The quick folding of the US-backed Afghan government before a Taliban advance has caught many off-guard after Pentagon leaders claimed little chance of its overthrow. However, almost since the 2001 US invasion, a steady stream of reports showed the “reconstruction” was a rolling disaster.
‘So-Called Nation Building’
The US invasion of Afghanistan began on October 7, 2001 – less than a month after the September 11, 2001, terrorist attacks that killed nearly 3,000 Americans. None of the airplane hijackers were Afghans, but the Islamic terrorist group that claimed responsibility, Al-Qaeda, was based in eastern Afghanistan, where the Taliban had allowed them to build training facilities.

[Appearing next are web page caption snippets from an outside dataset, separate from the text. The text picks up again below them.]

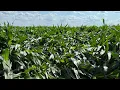 Download Lagu Straight-line Winds Flatten Corn And Make A Mess Of The Farm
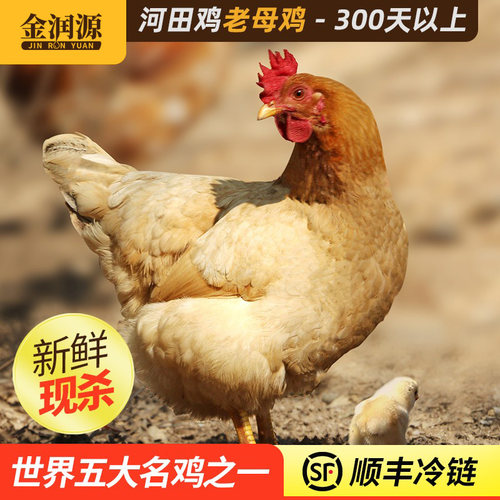 金润源长汀河田鸡新鲜现杀农家散养老母鸡月子土鸡汤走地鸡跑山鸡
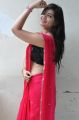 Actress Ashwini Hot Stills in Red Saree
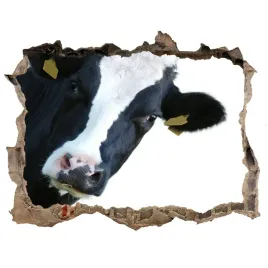 dziura-3d-foto-tapeta-naklejka-krowa-168x113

In reality, this was always the goal: Bush’s government was dominated by neoconservative figures from the Project for a New American Century (PNAC) think tank, which had mused in September 2000 that the US needed “some catastrophic and catalyzing event – like a new Pearl Harbor” to jump start their grand crusade against what Bush’s deputy secretary of defense, Paul Wolfowitz, called “old surrogate Soviet regimes” across the Middle East, including Syria, Iraq, Iran, and Afghanistan.
Bush pledged $320 million in aid for Afghanistan for the following year, but it wasn’t until 2004 that the first elections were organized. The winner was Hamid Karzai, a CIA asset appointed to head the interim government beginning in December 2001.